Nei cinque anni Firenze il Forrest Gump delle panchine italiane ottiene buoni risultati, una semifinale di Europa League e una qualificazione agli ottavi di Champions, ma soprattutto si presenta come perfetto esempio della nouvelle vague del tecnico moderno: elegante, di bell’aspetto e facile eloquio davanti alle telecamere, incanta le platee e la gran parte della stampa, che comincia una campagna per portarlo sulla panchina azzurra dopo la fallimentare esperienza sudafricana del Lippi bis.
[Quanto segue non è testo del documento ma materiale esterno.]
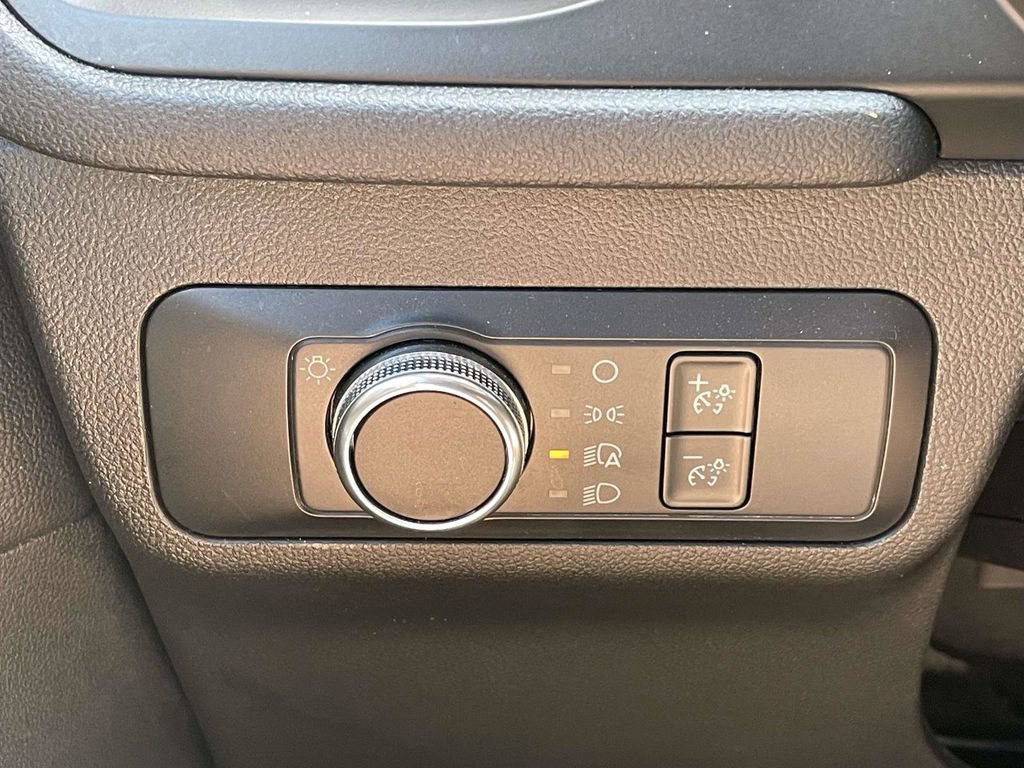 Certified 2020 Ford Escape SE image 27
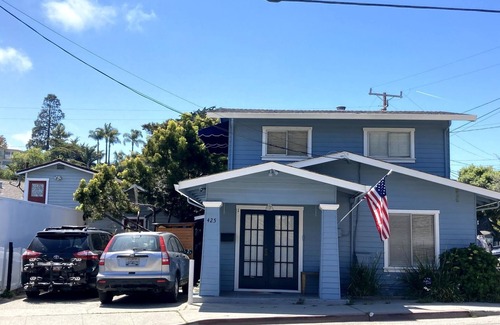 Capitola House | Rare 3 br in Capitola Village with 5pm checkout Jan-Apr+Parking!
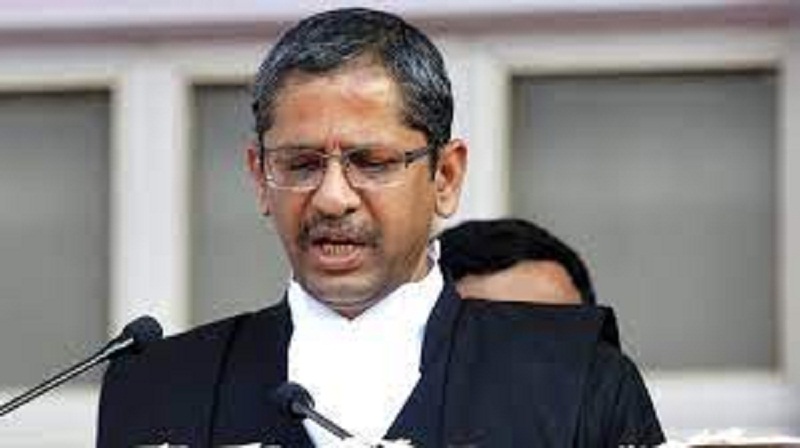 जस्टिस नुतालपति वेंकट रमना शनिवार को देश के नए मुख्य न्यायधीश बनाए गए हैं।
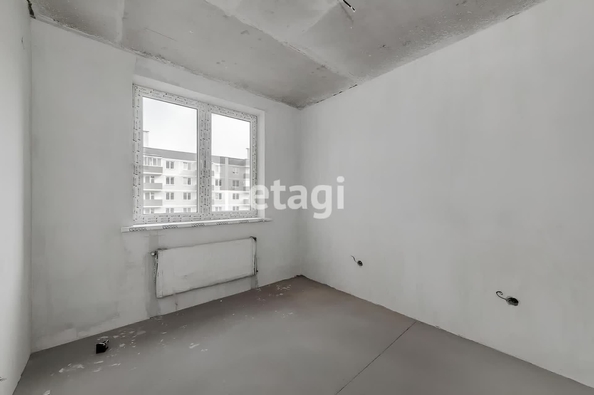 
   Продам 1-комнатную, 35.8 м², Заполярная ул, 39/6

. Фото 2.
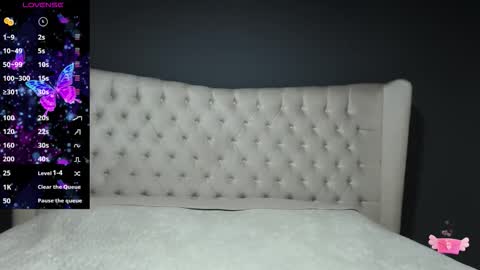 Nichole online show from September 16, 2025, 11:00 am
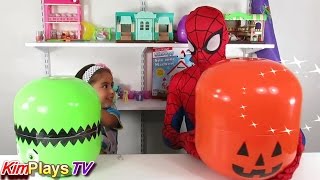 Spiderman and Two Giant Eggs With Many Toy Gifts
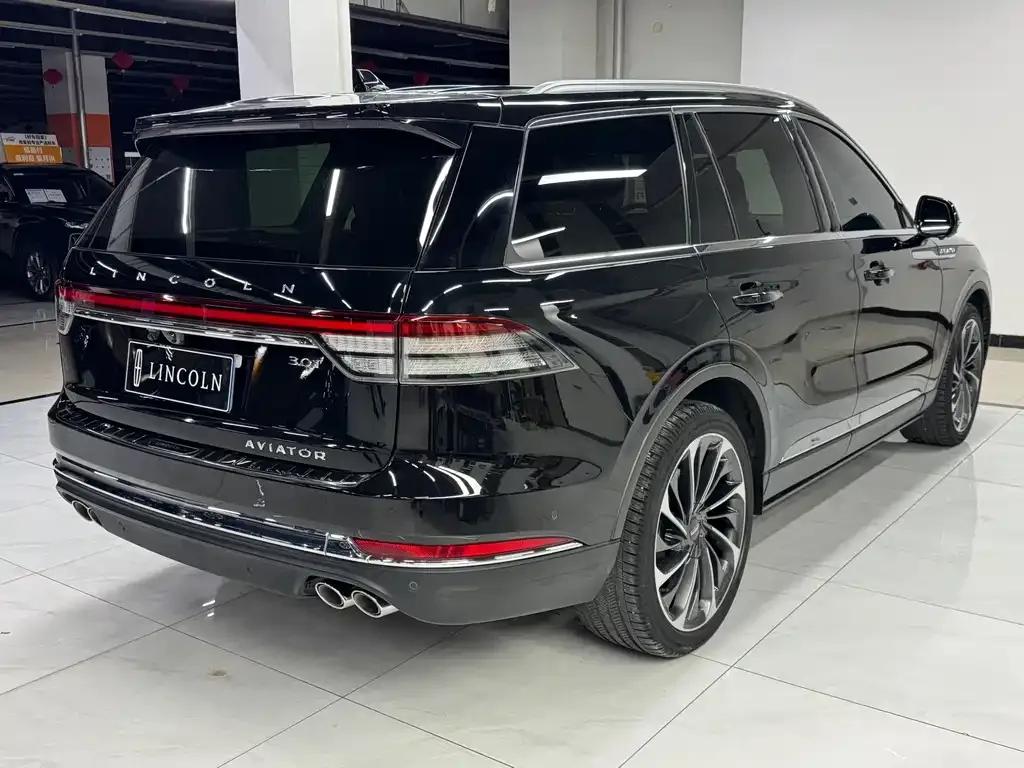 Lincoln Aviator — фото 6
Un ottimo girone di qualificazione a Euro 2012, condito dal codice etico e da alcuni coup de theatre come l’invito a Coverciano di Simone Farina, il giocatore che rifiutandosi di combinare un match fece partire l’inchiesta calcioscommesse, lo rendono invincibile.

E così nessuno si lamenta se in nome del codice etico non è convocato il giocatore dello Zenit Criscito, colpevole di essere stato fotografato con personaggi equivoci, ma è invece chiamato lo juventino Bonucci, che all’epoca è però uno dei grandi indagati del calcioscommesse. Nessuno domanda se davvero Niccolò Prandelli sia nello staff come preparatore per reali meriti acquisti, o solo perché è il figlio del c.t.. O perché a Farina non sia stato offerto un ruolo, invece di usarlo solo come un trofeo: come il militante delle Pantere Nere che adornava i salotti radical chic di Tom Wolfe. E nessuno trova da ridire su Prandelli nemmeno quando l’Italia in finale subisce la peggior sconfitta della storia dell’Europeo (0-4 contro la Spagna), con il tecnico che fa entrare un Thiago Motta in pessime condizioni fisiche, che esce subito lasciando la squadra in dieci.

La luna di miele continua anche nella corsa a Brasile 2014, nonostante Prandelli continui a piegare il codice etico a sua insindacabile volontà. Durante l’anno si rifiuta di convocare Destro e De Rossi perché squalificati per falli di gioco. Poi ad aprile ribadisce: “Il codice etico sarà in vigore anche nell’ultimo mese, chi sbaglia paga. Sono stanco degli atteggiamenti violenti”. E infine a maggio convoca Chiellini, nonostante lo juventino sia squalificato per una gomitata. In Brasile il ritiro azzurro è il più lussuoso, Prandelli porta dall’Italia costosissimi macchinari ginnici per potenziare la forza in allenamento. Ma sul campo la squadra si pianta, non corre. Colpa di Prandelli? Assolutamente no. Dopo avere escluso Destro e Rossi dalle convocazioni per ragioni personali, Prandelli si scaglia contro il suo unico attaccante a disposizione, l’incolpevole Balotelli, addossandogli tutte le responsabilità della rovinosa sconfitta. E la stampa lo segue: le sue doverose dimissioni, atto dovuto un secondo prima del licenziamento, diventano addirittura un gesto signorile. Ma l’sms che arriva oggi dalla Turchia è chiaro: il credito è esaurito.